The next federal budget tabled on March 28

(Ottawa) Finance Minister Chrystia Freeland will table the next federal budget on Tuesday, March 28.



The minister confirmed the date for the next budget in a brief statement to the House of Commons on Friday.

Some provinces (Alberta, British Columbia, Manitoba) have already tabled their respective budgets. Quebec Finance Minister Éric Girard is due to table his next budget on March 21, a week before Ms.me Freeland.

Even before announcing the date of the budget, the Minister has already made it known that she intends to tackle two issues deemed priorities by the Trudeau government: the increase in health transfers to the provinces on the one hand and strategic investments in the energy transition on the other hand in order to respond to the measures announced by the Biden administration in the United States (US$370 billion) as part of its Inflation Reduction Act.

“It’s important for me to be frank, to be open that we have these two major files in which we must invest and we will invest,” said Minister Freeland last month after meeting with her provincial counterparts in Toronto. “But at the same time, the global economy is slowing down and we will be more limited because of that.”

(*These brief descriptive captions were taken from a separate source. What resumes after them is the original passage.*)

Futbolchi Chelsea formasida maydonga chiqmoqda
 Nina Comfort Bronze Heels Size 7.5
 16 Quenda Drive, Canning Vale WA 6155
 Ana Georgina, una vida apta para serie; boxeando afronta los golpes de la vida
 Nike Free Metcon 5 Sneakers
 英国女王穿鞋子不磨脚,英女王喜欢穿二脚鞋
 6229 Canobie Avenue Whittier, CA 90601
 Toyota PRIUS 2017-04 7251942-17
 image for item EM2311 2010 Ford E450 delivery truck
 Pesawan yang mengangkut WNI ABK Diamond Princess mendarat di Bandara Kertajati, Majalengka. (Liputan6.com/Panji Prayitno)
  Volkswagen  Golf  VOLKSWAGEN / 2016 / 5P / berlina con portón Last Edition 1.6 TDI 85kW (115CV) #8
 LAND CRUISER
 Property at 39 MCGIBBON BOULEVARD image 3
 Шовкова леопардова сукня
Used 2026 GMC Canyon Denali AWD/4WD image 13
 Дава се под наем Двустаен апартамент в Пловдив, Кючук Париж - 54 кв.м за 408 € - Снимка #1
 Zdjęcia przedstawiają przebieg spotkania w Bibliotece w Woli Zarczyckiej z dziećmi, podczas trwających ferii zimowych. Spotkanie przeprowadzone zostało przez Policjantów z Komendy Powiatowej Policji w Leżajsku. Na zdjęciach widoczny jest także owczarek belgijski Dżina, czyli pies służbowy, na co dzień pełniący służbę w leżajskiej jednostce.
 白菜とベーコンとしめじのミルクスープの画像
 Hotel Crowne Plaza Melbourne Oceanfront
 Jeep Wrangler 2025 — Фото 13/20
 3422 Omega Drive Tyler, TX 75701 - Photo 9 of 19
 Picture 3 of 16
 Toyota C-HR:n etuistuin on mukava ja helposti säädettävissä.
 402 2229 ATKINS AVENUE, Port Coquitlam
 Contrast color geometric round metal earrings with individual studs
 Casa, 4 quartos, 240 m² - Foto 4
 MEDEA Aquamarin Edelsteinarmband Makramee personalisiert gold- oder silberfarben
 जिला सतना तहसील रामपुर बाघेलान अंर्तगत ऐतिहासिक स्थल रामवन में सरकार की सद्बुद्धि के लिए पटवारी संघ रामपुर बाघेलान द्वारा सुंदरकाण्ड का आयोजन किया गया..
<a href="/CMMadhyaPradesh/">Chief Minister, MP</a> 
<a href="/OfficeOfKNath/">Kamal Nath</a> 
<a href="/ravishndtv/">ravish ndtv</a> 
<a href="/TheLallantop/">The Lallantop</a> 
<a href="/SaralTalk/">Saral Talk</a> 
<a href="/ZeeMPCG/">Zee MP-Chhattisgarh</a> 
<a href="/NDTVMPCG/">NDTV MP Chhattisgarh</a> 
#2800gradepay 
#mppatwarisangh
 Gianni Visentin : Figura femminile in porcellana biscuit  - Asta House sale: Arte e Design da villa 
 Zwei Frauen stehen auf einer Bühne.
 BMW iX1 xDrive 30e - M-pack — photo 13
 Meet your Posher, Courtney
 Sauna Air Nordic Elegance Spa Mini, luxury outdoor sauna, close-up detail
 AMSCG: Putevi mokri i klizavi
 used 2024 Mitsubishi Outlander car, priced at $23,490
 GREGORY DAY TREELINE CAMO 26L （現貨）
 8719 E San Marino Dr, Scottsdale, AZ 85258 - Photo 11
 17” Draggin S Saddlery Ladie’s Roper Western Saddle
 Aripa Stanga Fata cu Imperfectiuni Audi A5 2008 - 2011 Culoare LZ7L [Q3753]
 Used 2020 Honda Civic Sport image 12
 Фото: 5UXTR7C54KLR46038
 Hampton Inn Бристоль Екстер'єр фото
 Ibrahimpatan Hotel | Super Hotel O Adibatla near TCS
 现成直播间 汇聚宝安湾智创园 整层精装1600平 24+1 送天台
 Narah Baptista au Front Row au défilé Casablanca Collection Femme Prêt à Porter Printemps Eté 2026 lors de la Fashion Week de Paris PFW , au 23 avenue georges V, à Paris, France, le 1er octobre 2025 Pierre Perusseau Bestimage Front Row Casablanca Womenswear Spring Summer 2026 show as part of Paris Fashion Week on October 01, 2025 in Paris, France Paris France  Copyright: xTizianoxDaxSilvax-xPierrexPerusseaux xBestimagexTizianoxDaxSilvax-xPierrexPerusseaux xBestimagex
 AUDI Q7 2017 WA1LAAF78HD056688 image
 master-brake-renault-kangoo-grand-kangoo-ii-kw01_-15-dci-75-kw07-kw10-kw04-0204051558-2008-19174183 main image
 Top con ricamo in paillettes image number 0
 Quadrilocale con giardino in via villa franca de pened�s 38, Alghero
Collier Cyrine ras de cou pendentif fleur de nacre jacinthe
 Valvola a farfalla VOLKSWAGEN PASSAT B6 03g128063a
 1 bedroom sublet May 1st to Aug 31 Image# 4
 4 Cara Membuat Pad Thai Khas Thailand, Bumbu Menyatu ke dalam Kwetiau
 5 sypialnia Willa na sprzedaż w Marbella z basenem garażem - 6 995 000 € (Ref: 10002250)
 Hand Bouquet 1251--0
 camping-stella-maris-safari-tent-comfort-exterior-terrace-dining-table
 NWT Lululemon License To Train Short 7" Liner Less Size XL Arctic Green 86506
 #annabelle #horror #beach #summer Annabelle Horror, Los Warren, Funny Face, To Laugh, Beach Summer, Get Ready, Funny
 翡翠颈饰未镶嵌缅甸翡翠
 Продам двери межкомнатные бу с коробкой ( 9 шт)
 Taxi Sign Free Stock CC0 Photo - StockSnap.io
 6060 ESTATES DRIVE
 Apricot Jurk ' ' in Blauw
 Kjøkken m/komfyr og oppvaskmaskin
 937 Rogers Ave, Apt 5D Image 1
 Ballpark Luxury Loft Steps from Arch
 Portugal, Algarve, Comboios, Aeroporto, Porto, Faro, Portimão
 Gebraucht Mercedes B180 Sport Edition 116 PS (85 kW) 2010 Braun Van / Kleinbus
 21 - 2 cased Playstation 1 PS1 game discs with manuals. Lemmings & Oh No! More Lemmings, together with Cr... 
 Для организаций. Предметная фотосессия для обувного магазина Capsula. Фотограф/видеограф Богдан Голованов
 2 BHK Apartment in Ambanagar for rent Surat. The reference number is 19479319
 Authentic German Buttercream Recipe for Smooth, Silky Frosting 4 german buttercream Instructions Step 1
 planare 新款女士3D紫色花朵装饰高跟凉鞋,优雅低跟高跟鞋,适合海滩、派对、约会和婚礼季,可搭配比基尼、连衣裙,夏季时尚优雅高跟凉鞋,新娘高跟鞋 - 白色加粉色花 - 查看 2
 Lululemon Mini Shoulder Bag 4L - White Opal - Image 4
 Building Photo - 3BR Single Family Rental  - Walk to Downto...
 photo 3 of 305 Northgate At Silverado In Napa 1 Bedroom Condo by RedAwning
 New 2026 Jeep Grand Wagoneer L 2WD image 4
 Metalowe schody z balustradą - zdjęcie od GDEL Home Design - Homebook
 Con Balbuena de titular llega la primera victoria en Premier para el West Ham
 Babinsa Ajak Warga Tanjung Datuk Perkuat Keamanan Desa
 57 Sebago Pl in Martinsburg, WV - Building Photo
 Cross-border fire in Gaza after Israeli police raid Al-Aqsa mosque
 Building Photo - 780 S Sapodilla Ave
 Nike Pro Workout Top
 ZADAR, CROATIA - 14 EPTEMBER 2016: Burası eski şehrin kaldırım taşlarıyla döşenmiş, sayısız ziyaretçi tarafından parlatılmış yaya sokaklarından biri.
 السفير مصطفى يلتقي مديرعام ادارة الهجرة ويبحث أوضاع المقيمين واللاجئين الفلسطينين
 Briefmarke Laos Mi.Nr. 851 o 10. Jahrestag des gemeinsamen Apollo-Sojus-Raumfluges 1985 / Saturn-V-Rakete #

She argued that the year 2023 will be decisive for the investments in green energy that Canada can obtain from large companies. The United States set the playing field by passing the Inflation Reduction Act which includes colossal financial incentives to attract capital from investors. Canada will have to do the same if it does not want to settle for crumbs, she warned.

“There is a global race going on right now. The starting gun has been fired to build the clean economy of the 21e century. I cannot stress enough how important the year 2023 is when it comes to attracting this capital. Once you get those big investments, they are very long-term projects. Once they’re here, they’re going to be here long term, and that’s going to give us the jobs, the technology, the supply chain,” she said.

In the case of health transfers, the Trudeau government agreed last month to increase them by $46.2 billion over the next decade, the equivalent of an increase of $4.6 billion per year. . The provinces were asking for a more substantial annual increase, namely $28 billion.

Minister Freeland will table her budget in a difficult economic context. Inflation remains high at 5.9% despite the unprecedented increase in interest rates decreed by the Bank of Canada since March 2022. Many economists expect the Canadian economy to stagnate this year, or even to enters a recession as the Bank of Canada struggles to bring inflation back to the 2% target.

Over the past few weeks, several experts have called on the Trudeau government to exercise the utmost caution and to temper its spending ardor if it does not want to fuel inflationary pressures and force the Bank of Canada to tighten another notch. its monetary policy.

Passing through Hamilton this week, Mr.me Freeland indicated that his next budget will be marked with the seal of prudence because of the uncertainty which threatens the Canadian economy. Since coming to power, the Liberal government of Justin Trudeau has never balanced the budget. At the height of the pandemic, Ottawa ran a record deficit of $328 billion in 2020-21.